Reconstruction will occur in /tmp or $PORTAGE_TMPDIR, re: the DISTDIR deletion, yeah, aparently I suck (you're right) :) getdelta... hmm. I don't like special cases much. Possible alternatives? Keep in mind that this script has a *finite* lifespan to it, it's already been removed from cvs head of portage; my intention is to have it handled by a subclass of the sync.snapshot class if/when head hits. Re: special casing, the issue I see is that if I special case it now, I'll have to special case it in the class, which gets *really* hard since FETCHCOMMAND has been abstracted away, into transports.fetchcommand . I can see doing it as a temp hack, since like I said, emerge-delta-webrsync has a limited shelf life till a proper integration occurs. The special casing/hack won't fly down the line though, since the users defined FETCHCOMMAND is just that, what they told portage to use. So... long term? By the way, regarding doing a release with the fix, I'll -r1 it. Any further tweaks will have to wait a bit, hopefully within a week. A replacement for the untar/rsync portion is finally working, exempting supporting --excludes... so finishing that sucker off, and intending on next major bump using that. Based off of a good chunk of diffballs code, so it's got the usual support for working from compressed files, handling tarballs, yadda yadda yadda. Main thing is it removes the need to untar, thus is quite a bit faster overhaul (bit faster then rsync anyways, for some screwed up reason).

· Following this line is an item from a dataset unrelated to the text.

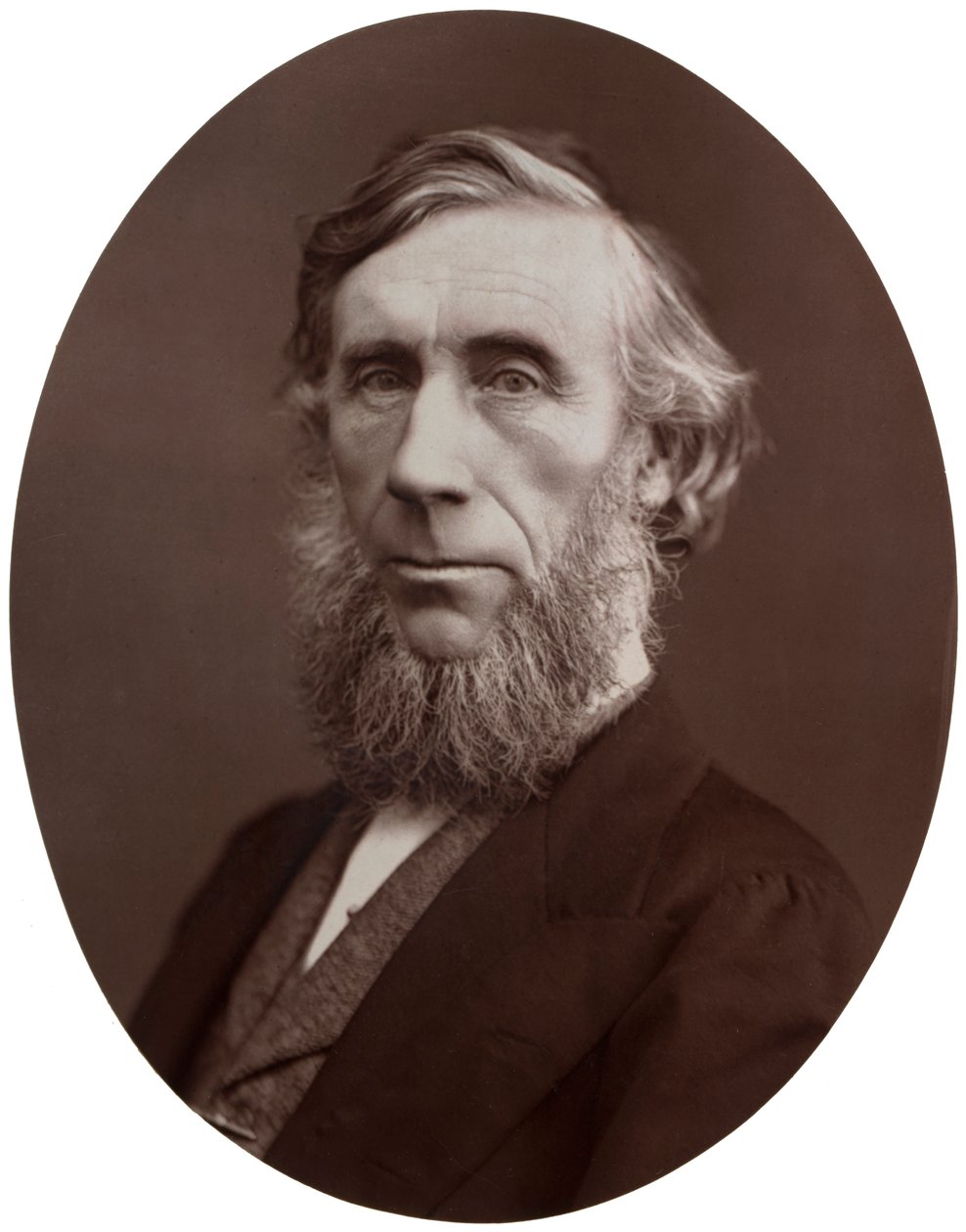 约翰·廷德尔（John Tyndall），DCL，LLD，FRS，英国皇家学会自然哲学教授，1877年。 作者 洛克和惠特菲尔德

(In reply to comment #8) > getdelta... hmm. I don't like special cases much. Possible alternatives? > Keep in mind that this script has a *finite* lifespan to it, it's already been > removed from cvs head of portage; my intention is to have it handled by a > subclass of the sync.snapshot class if/when head hits. > Re: special casing, the issue I see is that if I special case it now, I'll have > to special case it in the class, which gets *really* hard since FETCHCOMMAND has > been abstracted away, into transports.fetchcommand . > I can see doing it as a temp hack, since like I said, emerge-delta-webrsync has > a limited shelf life till a proper integration occurs. The special casing/hack > won't fly down the line though, since the users defined FETCHCOMMAND is just > that, what they told portage to use. > So... long term? Thanks for this insight in portage development. So I guess I'll just have to live with it. It looks a little bit ugly, but it works great. So this is no problem. > A replacement for the untar/rsync portion is finally working, exempting > supporting --excludes... so finishing that sucker off, and intending on next > major bump using that. Based off of a good chunk of diffballs code, so it's got > the usual support for working from compressed files, handling tarballs, yadda > yadda yadda. Main thing is it removes the need to untar, thus is quite a bit > faster overhaul (bit faster then rsync anyways, for some screwed up reason). That's great news! I'm especially looking forward to the speed improvement because here it's *way slower* than rsync (AMD Duron 1300 with 256 MB RAM).
Re Comment #3 I do not know where I looked last time but all snapshots are still there (see comment #5).
InCVS If you're game for testing out tarsync, emerge app-arch/tarsync. emerge-delta-webrsync 3 will detect it, and use it (it'll also go parallel in recompressing for you smp folk, since tarsync is io bound and bzip2 is a bit more proc bound). Enjoy.